• Your goal: Return copies of the lines below that mention "face".

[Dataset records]
○ ○ ○ ○ ○ ○ ○

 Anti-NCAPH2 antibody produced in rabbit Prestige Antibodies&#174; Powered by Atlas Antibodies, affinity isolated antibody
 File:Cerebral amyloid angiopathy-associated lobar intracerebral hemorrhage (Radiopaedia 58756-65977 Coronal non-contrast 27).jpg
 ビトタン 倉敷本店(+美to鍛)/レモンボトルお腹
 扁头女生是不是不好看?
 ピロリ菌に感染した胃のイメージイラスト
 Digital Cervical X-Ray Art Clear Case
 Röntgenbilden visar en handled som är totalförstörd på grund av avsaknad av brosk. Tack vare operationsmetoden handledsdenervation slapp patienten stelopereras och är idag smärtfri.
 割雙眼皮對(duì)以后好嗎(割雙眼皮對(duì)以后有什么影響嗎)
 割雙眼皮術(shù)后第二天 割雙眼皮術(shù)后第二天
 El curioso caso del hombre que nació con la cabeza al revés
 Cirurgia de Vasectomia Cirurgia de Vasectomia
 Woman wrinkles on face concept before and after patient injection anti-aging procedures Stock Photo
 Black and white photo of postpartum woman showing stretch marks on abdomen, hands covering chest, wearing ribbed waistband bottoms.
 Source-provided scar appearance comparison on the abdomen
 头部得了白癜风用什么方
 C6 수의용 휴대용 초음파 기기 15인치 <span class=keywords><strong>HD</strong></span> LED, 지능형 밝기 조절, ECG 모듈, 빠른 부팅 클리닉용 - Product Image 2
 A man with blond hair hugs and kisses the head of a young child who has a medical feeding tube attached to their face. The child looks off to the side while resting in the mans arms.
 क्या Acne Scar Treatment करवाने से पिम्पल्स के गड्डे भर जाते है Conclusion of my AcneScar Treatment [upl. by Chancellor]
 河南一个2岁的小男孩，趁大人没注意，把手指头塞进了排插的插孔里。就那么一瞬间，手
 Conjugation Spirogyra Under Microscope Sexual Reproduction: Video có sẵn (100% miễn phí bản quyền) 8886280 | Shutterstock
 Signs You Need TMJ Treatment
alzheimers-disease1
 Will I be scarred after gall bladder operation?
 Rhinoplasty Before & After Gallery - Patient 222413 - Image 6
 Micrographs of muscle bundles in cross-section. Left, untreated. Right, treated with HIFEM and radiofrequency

○ ○ ○ ○ ○ ○ ○

• Response area:
 Woman wrinkles on face concept before and after patient injection anti-aging procedures Stock Photo
 A man with blond hair hugs and kisses the head of a young child who has a medical feeding tube attached to their face. The child looks off to the side while resting in the mans arms.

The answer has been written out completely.